Google Docs & Spreadsheets will let people collaborate when building and changing documents. When someone makes a change, it can be seen in real time by others working on the document, and each version of the document is saved. This provides a more secure environment for collaborating than an e-mail thread in which a document is sent back and forth and easily could be forwarded out of the company, Google officials say.

"In many ways it's like a wiki," Sheth says. "You're able to see all the changes that have been made.
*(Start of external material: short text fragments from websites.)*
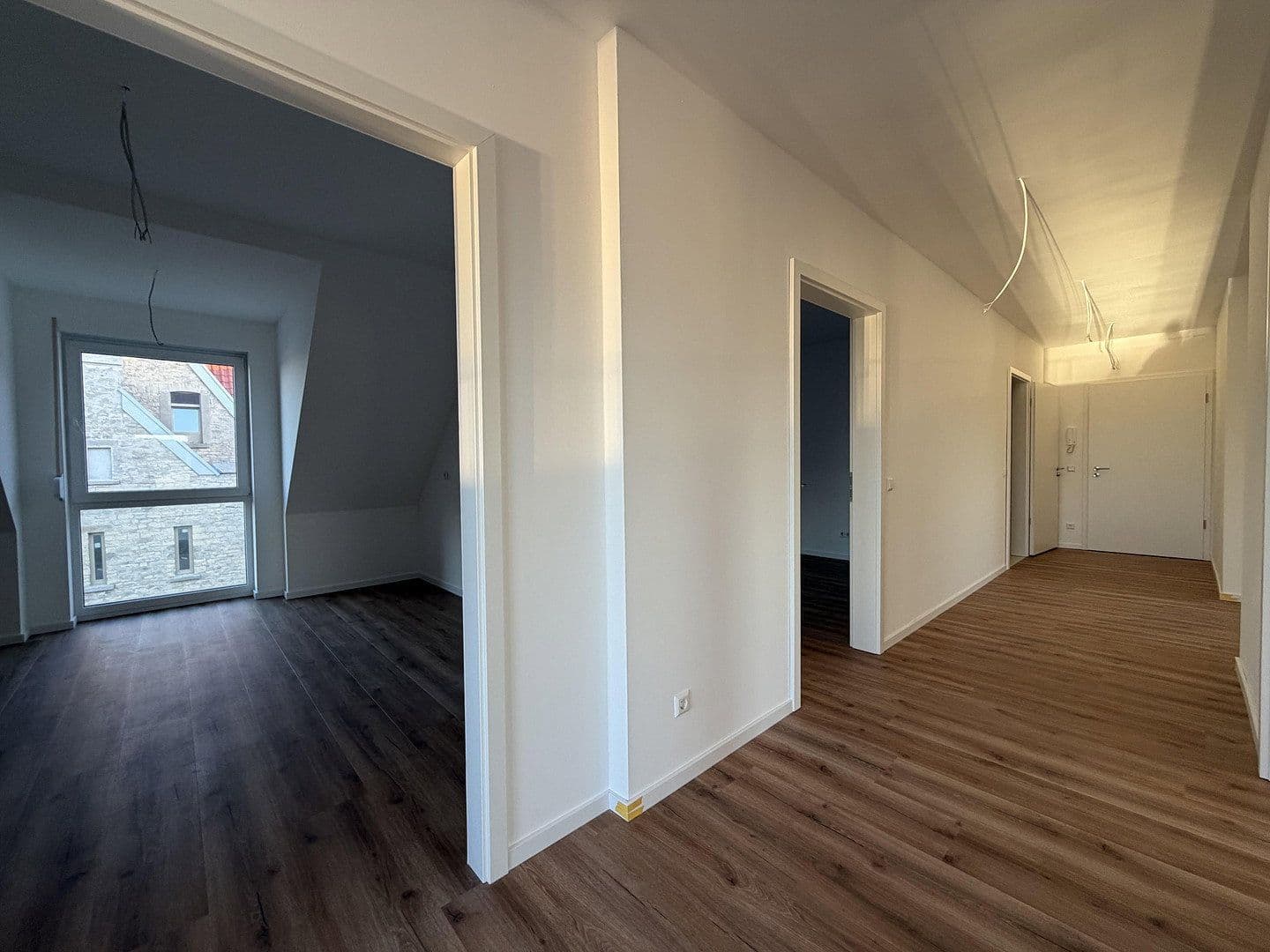 Pronájem bytu 4+1 107 m², Stadtwall 2, Horstmar, Severní Porýní-Vestfálsko Pronájem bytu 4+1 107 m², Stadtwall 2, Horstmar, Severní Porýní-Vestfálsko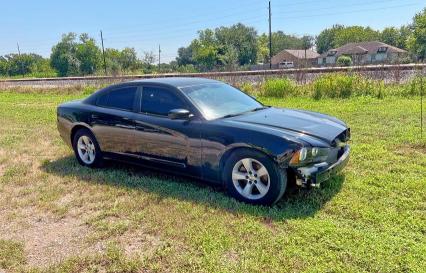 2012 DODGE CHARGER SE, 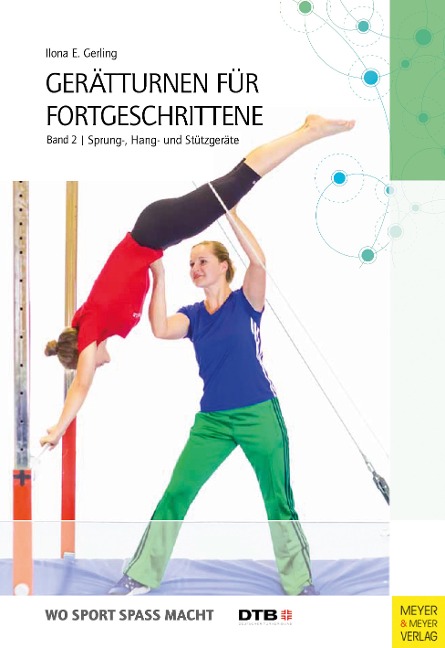 Gerätturnen für Fortgeschrittene 02 - Ilona E. Gerling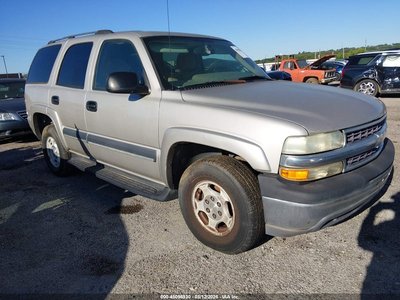 1GNEC13V14R****** 2004 Chevrolet Tahoe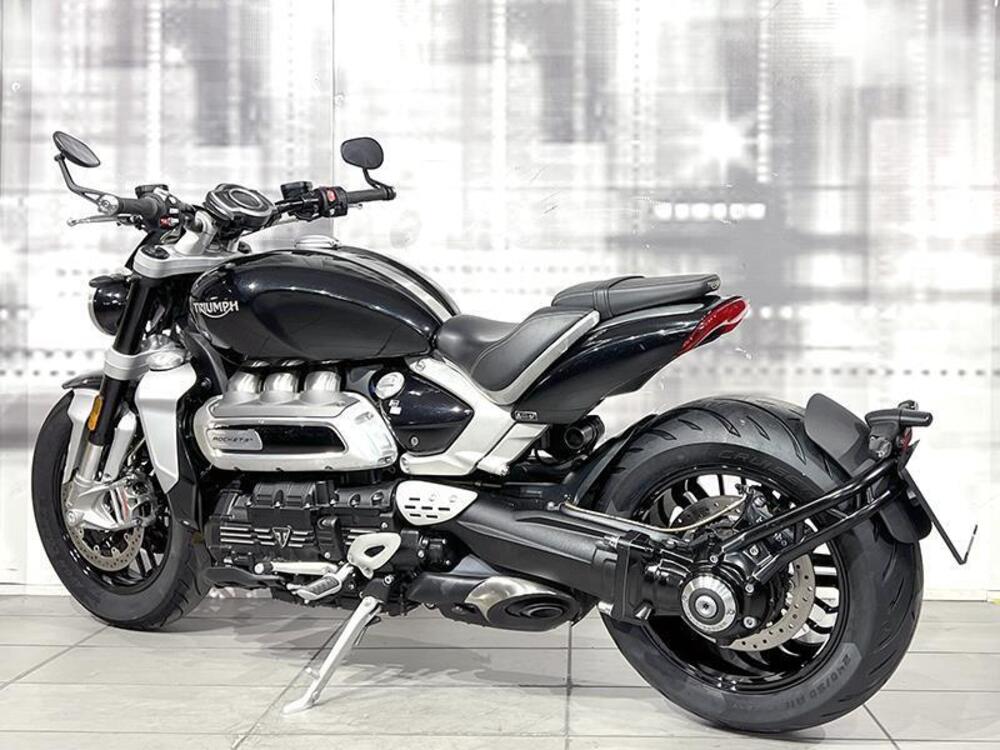 Triumph Rocket 3 R (2019 - 20) (2)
Lastly, you can choose who can edit it and who can view it."

Early adopters of Google Apps Premier Edition include Salesforce.com, Chicago real estate agency Prudential Preferred Properties and SF Bay Pediatrics in San Francisco.

The pediatrics practice began using Google Apps in late December, and the doctors learned how to use the program quickly, says Andrew Johnson, CIO at SF Bay Pediatrics.

"They're not technically savvy," Johnson says. "They don't want to deal with having to worry about an IT infrastructure. . . . It just allows us to outsource things to a pretty reputable name like Google."

Google Apps has improved scheduling, and the document tool provides an easy way to update the general information sheets given to patients.

The e-mail system is not compliant with federal privacy rules, so doctors and staff have to be careful not to include any personal information about patients in messages, Johnson says.

What's Missing

Google Apps lacks the collaboration functionality of Microsoft Sharepoint , but the application figures to improve, Forrester's Driver says, because Google has acquired JotSpot , which makes a wiki that lets people build spreadsheets, calendars, documents and photo galleries.

"Sharepoint is a very important part of the [Microsoft] system and a very important part that is missing in Google Apps today," Driver says. "I expect to see that functionality enter into the Google Apps offering this year, and they'll begin to be more competitive."

Google would like its product to be adopted en masse by large enterprises, Driver says, but for now Google Apps probably will be used primarily by small businesses looking for a less expensive alternative to Microsoft Outlook and Exchange.

Another bit of news being announced today will help market Google Apps to small businesses. Google Apps will be made available to subscribers of DirectPointe 's Small Office Solution, a managed network service.